*Source material*.

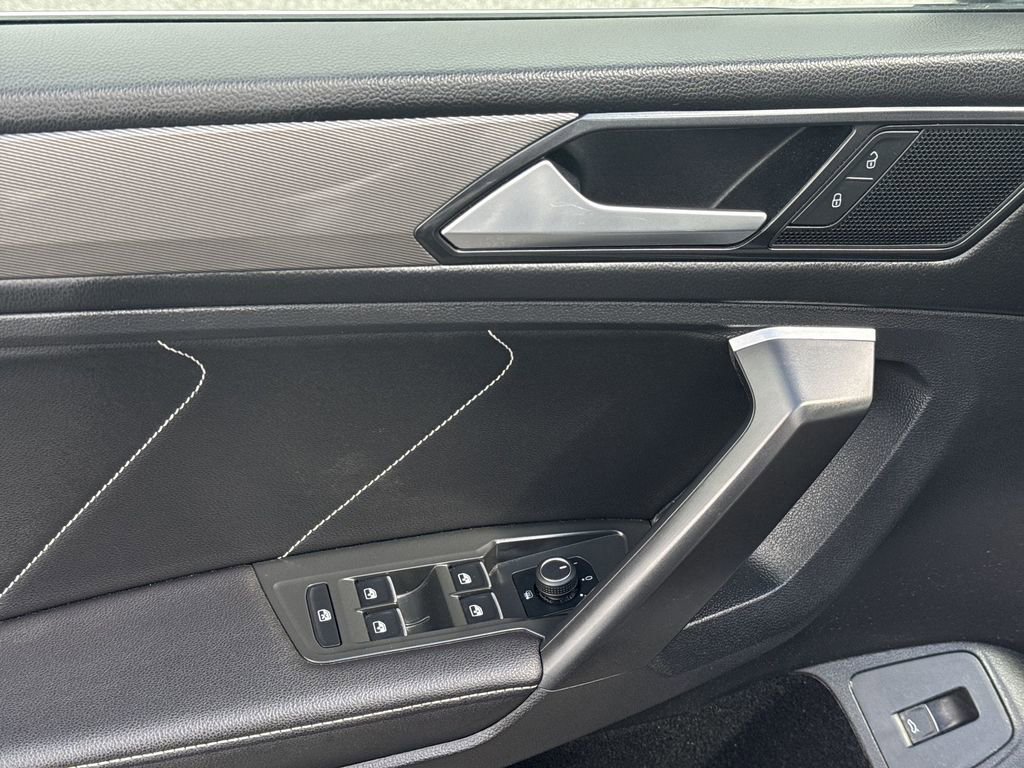 Used 2024 Volkswagen Tiguan SE image 15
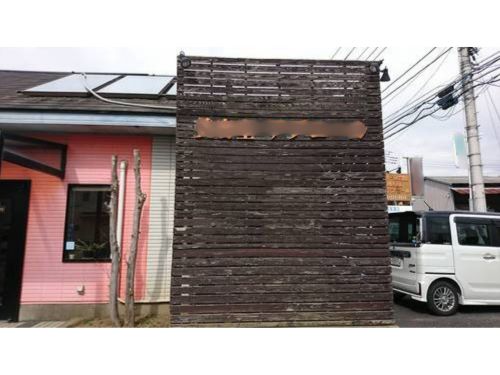 美容室の腐食した木製目隠しパーテーション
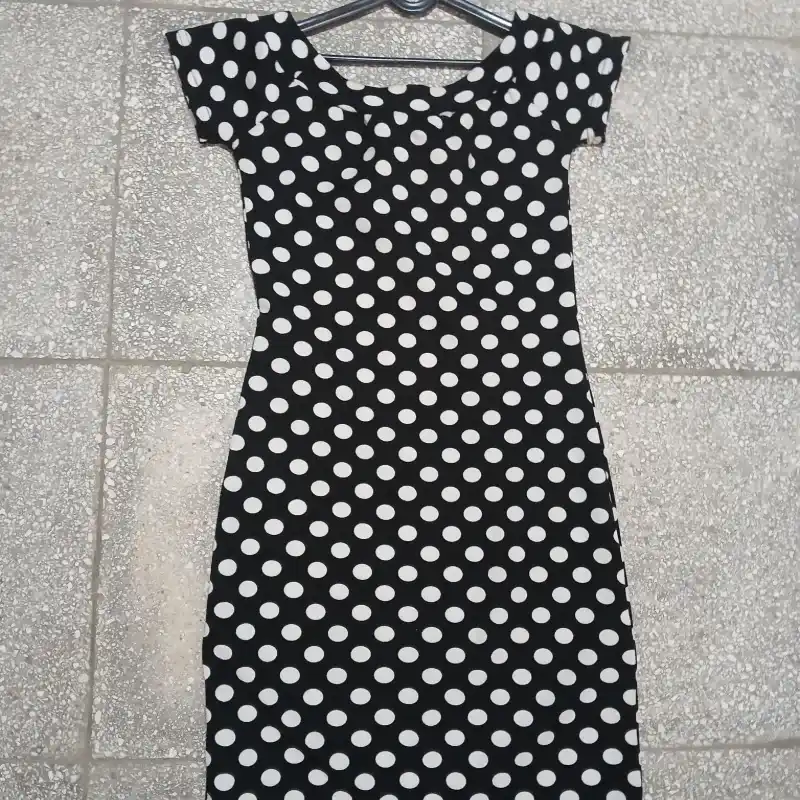 Vestido negro con bolas blancas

*Exercise*. Your copy should hold exactly the lines from the line containing "美容室の腐食した木製目隠しパーテーション" through the last line of the listing above, both included, and no pictures.

*Written answer*.
 美容室の腐食した木製目隠しパーテーション
 Vestido negro con bolas blancas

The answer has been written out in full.